Apoptosis

, Volume 23, Issue 2, pp 152–169 | Cite as

Plagioneurin B, a potent isolated compound induces apoptotic signalling pathways and cell cycle arrest in ovarian cancer cells

  • Noraziah Nordin
  • Nazia Abdul Majid
  • Rozana Othman
  • Fatima Abdelmutaal Ahmed Omer
  • Muhammad Nazil Afiq Nasharuddin
  • Najihah Mohd Hashim
Original Paper

Abstract

Plagioneurin B belongs to acetogenin group has well-established class of compounds. Acetogenin group has attracted worldwide attention in the past few years due their biological abilities as inhibitors for several types of tumour cells. Plagioneurin B was isolated via conventional chromatography and tested for thorough mechanistic apoptosis activity on human ovarian cancer cells (CAOV-3). Its structure was also docked at several possible targets using Autodock tools software. Our findings showed that plagioneurin B successfully inhibits the growth of CAOV-3 cells at IC50 of 0.62 µM. The existence of apoptotic bodies, cell membrane blebbing and chromatin condensation indicated the hallmark of apoptosis. Increase of Annexin V-FITC bound to phosphatidylserine confirmed the apoptosis induction in the cells. The apoptosis event was triggered through the extrinsic and intrinsic pathways via activation of caspases 8 and 9, respectively. Stimulation of caspase 3 and the presence of DNA ladder suggested downstream apoptotic signalling were initiated. Further confirmation of apoptosis was conducted at the molecular levels where up-regulation in Bax, as well as down-regulation of Bcl-2, Hsp-70 and survivin were observed. Plagioneurin B was also seen to arrest CAOV-3 cells cycle at the G2/M phase. Docking simulation of plagioneurin B with CD95 demonstrated that the high binding affinity and hydrogen bonds formation may explain the capability of plagioneurin B to trigger apoptosis.
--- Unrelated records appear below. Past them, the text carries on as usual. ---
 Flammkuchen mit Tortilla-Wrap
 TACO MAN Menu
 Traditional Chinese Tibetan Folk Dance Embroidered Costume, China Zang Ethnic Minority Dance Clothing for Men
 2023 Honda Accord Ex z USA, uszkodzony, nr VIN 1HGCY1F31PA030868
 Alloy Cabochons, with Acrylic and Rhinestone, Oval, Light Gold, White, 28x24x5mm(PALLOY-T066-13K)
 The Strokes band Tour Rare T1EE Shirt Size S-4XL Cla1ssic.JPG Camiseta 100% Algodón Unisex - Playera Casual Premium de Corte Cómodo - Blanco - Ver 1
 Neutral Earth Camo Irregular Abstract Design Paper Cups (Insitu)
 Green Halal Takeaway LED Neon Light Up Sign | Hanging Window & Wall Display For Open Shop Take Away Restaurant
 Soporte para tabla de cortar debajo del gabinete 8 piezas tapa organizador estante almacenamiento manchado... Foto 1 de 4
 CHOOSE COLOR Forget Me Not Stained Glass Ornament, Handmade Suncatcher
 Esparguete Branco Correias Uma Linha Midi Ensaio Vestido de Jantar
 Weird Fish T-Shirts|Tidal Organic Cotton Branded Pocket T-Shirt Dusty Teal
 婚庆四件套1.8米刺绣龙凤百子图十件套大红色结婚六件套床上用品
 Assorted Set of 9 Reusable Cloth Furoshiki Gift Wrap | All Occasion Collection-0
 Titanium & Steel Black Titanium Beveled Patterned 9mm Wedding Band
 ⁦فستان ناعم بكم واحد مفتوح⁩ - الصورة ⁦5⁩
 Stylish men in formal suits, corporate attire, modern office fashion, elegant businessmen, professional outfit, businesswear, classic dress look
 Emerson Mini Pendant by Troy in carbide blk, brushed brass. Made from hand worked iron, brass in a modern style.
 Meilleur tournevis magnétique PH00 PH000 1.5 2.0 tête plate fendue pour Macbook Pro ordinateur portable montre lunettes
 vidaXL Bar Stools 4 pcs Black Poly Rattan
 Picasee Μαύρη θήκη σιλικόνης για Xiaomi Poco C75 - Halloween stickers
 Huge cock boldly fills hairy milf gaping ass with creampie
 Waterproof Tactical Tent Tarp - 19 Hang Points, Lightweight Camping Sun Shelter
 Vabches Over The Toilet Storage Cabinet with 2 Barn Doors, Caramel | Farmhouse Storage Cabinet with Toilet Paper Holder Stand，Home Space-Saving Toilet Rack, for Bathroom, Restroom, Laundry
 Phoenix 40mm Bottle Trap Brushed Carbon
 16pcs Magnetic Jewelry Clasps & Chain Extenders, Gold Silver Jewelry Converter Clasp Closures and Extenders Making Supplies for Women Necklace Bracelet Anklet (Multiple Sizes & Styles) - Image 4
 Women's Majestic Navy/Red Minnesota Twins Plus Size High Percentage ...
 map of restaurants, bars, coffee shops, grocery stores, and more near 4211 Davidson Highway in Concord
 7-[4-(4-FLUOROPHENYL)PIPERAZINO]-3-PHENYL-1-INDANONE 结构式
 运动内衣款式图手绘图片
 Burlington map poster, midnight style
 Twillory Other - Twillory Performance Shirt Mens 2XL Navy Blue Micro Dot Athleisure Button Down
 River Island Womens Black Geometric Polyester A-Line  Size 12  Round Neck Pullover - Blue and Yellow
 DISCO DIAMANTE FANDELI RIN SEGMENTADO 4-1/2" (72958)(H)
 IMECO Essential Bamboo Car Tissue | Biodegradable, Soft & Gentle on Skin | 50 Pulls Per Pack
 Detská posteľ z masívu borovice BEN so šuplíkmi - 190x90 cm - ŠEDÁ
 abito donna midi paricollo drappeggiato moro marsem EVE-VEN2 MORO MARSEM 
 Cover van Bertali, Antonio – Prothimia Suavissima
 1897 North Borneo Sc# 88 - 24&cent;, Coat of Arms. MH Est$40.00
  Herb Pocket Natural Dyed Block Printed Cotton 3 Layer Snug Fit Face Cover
This study is therefore importance in finding the effective compound that may offer an alternative drug for ovarian cancer treatment.

Keywords

Plagioneurin B Acetogenin Ovarian cancer CAOV-3 cells Apoptosis Pathways 

Abbreviations

AIF

Apoptosis inducing factor

TRAIL-R

TNF-related apoptosis-inducing ligand-receptor

CD40L

CD40 ligand

SMAC

Second mitochondrial-derived activator of caspase

DR6

Death receptor 6

BID

BH3-interacting domain

BIM

Bcl-2-interacting mediator

FasL

Fas ligand

IGF

Insulin-like growth factor

IGFBP

Insulin-like growth factor binding protein

cIAP-2

Cellular inhibitor of apoptosis 2

TNF

Tumour necrosis factor

sTNFR

Soluble tumour necrosis factor receptor

HSP

Heat-shock proteins

XIAP

X chromosome-linked inhibitor of apoptosis

Notes

Acknowledgements

We wish to acknowledge the Institute of Research Management and Monitory, University of Malaya under Flagship grant (FL001E-13BIO) for their financial support. We also dedicate this study to the late Prof. Datuk Dr. A. Hamid A. Hadi for his guidance and assistance in this study.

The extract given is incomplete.